Exercise details
Please copy, exactly as they appear below, the lines from the one containing "Rosa Elegante Ärmellose" through the one containing "Great Papers! Metallic".

Source material
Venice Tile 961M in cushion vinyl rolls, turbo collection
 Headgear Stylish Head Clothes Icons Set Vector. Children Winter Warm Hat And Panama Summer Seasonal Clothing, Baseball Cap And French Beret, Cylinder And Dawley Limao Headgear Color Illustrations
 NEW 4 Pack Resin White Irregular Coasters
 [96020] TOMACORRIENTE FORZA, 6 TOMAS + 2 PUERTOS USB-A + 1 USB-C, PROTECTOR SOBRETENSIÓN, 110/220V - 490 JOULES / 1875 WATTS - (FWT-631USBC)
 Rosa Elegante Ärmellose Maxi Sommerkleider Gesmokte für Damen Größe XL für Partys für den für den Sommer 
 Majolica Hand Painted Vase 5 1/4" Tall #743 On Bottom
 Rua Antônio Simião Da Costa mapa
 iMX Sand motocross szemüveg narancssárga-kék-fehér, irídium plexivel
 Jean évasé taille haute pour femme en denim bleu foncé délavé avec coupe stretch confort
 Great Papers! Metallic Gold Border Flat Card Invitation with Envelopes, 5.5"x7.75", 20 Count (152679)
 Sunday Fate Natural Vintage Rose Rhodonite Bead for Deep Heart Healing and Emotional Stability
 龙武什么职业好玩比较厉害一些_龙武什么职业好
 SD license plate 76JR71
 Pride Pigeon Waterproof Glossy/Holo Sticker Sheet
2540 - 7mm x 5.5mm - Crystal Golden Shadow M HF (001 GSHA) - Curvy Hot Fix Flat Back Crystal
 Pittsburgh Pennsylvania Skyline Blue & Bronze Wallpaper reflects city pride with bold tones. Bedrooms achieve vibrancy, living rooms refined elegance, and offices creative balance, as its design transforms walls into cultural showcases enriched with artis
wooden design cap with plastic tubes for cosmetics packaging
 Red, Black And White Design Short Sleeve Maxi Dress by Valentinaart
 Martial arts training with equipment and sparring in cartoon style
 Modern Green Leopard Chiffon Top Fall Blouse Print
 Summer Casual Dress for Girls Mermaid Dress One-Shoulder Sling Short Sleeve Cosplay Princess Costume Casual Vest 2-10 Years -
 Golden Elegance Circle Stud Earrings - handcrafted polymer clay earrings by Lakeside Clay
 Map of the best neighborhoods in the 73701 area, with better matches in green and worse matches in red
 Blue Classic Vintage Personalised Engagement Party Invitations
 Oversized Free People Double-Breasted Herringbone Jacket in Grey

Exercise response
 Rosa Elegante Ärmellose Maxi Sommerkleider Gesmokte für Damen Größe XL für Partys für den für den Sommer 
 Majolica Hand Painted Vase 5 1/4" Tall #743 On Bottom
 Rua Antônio Simião Da Costa mapa
 iMX Sand motocross szemüveg narancssárga-kék-fehér, irídium plexivel
 Jean évasé taille haute pour femme en denim bleu foncé délavé avec coupe stretch confort
 Great Papers! Metallic Gold Border Flat Card Invitation with Envelopes, 5.5"x7.75", 20 Count (152679)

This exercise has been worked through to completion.